Between the early 10th century and the 15th century, the Japanese emperors ordered the compilation of twenty-one anthologies of poetry. Former Grand Archbishop Kakuchū’s poem is included in the seventh anthology, the Senzaiwakashū (Senzaishū for short, “Collection of a Thousand Years”), compiled by Fujiwara Shunzei between 1183 and 1188. The Senzaishū was the first anthology in which poems with Buddhist themes, called shakkyō-ka, appeared as an independent category. (The numbering of the Senzaishū poems depends on the version to which one is referring. In our listing, the lower number refers to the poem’s number in Ishihara Kiyoshi’s Shakkyō-ka no Kenkyū. The higher number refers to the poem’s number in Kubota Jun’s Senzaiwakashū.)

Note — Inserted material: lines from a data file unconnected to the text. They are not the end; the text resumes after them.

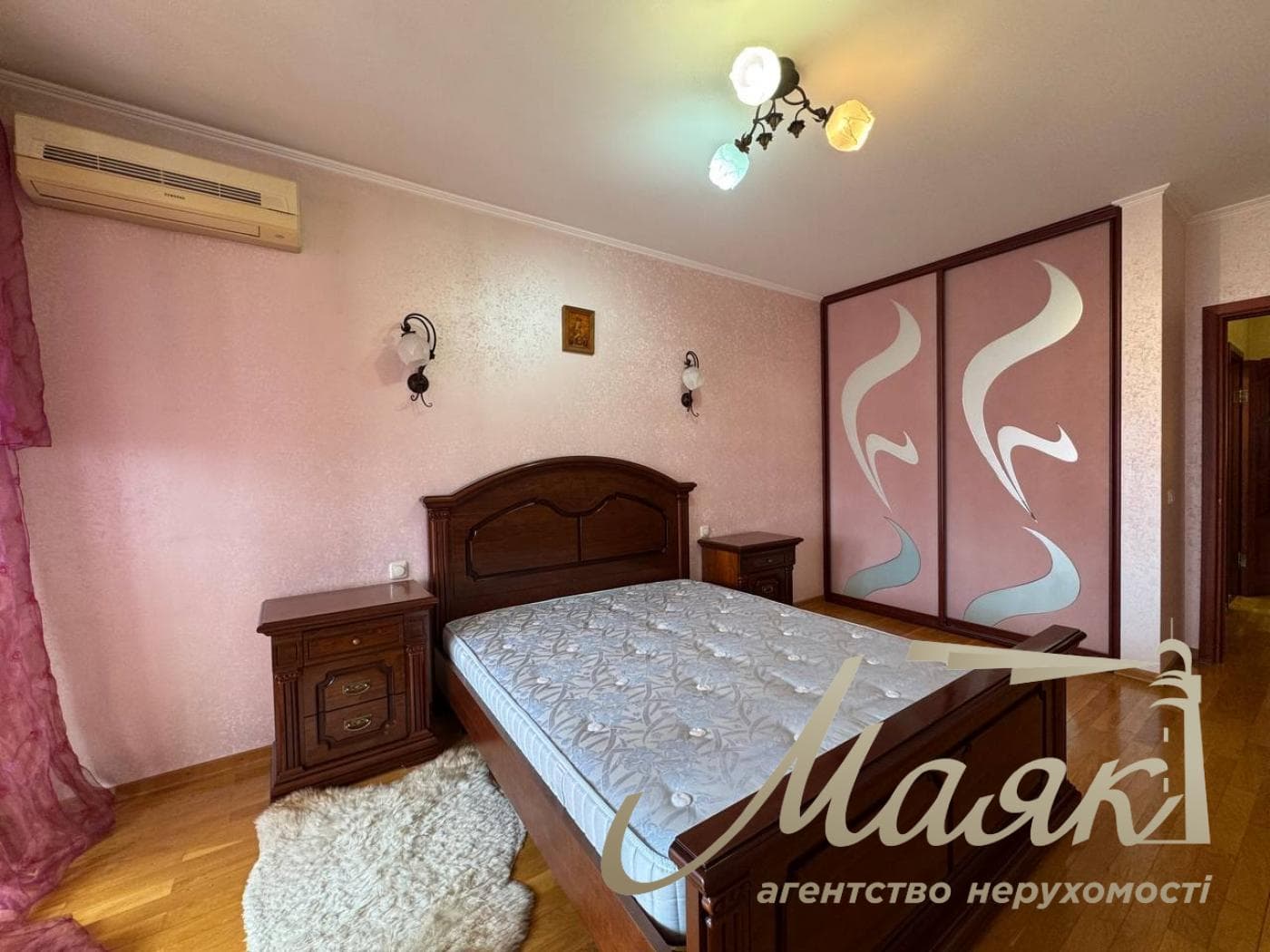 Аренда 3к квартиры, 107м2, Ахматовой 16Б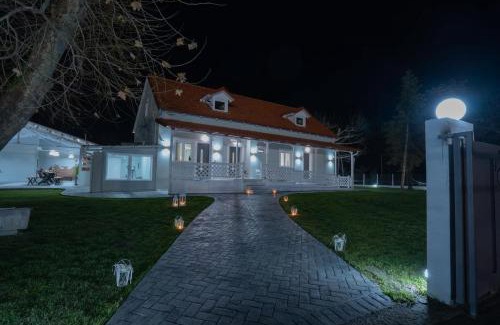 Ano Rodonia Apartamento | Tennis Home-Pozar, Piperia!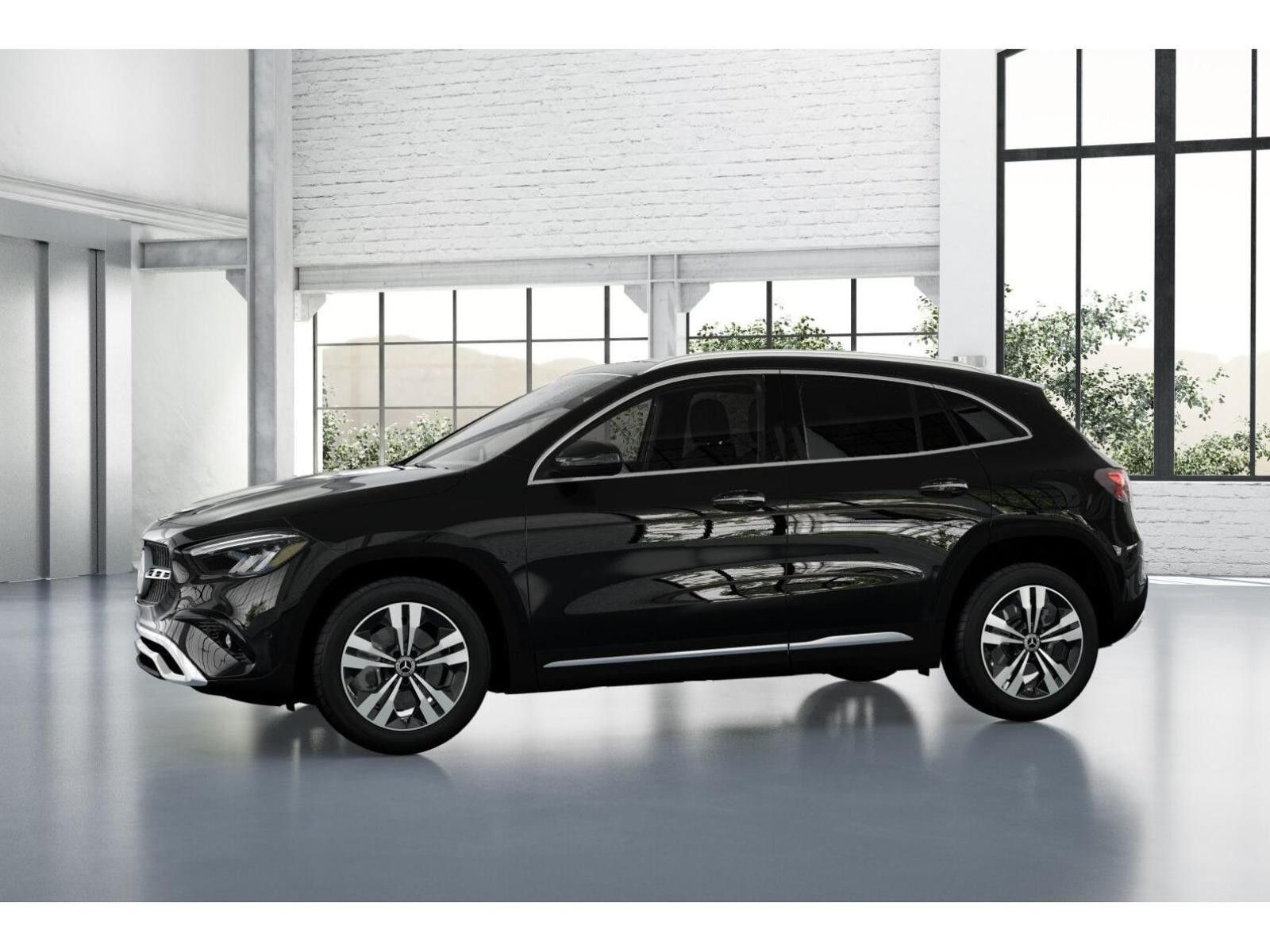 New 2026 Mercedes-benz GLA SUV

The compilers of the anthologies gave many poems a short prose preface, now considered aesthetically inseparable from the poems. To join preface to poem in a way analogous to English poetry, in our translation we’ve presented the preface as the poem’s title. As the preface to Senzaishū 1216/1219 indicates, the poem alludes to the Buddhist version of the Prodigal Son story, from the Lotus Sutra, the 50-year journey of the son who wanders away and comes back home.
The Japanese original of this poem (like most poems in the imperial anthologies) is a waka, the thirty-one syllable form that was primary in Japanese poetics for a thousand years. Our translation doesn’t imitate the syllabic form of the original, on the reasoning that there isn’t a strong tradition of syllabics in English poetry. Japanese poetry is written in vertical columns, whereas English poetry is written in horizontal lines. The syllables in waka are understood to be broken into groups of 5 - 7 - 5 - 7 - 7 syllables, and these groupings are sometimes rendered as five lines in English translations. But in making “line management” choices in our translation we chose to let the English syntax take precedence over the original syntactical arrangement. Our goal was to create an interesting English poem that conveys the emotional and spiritual argument of the Japanese original, and that honors the daring brevity and compression of the waka form.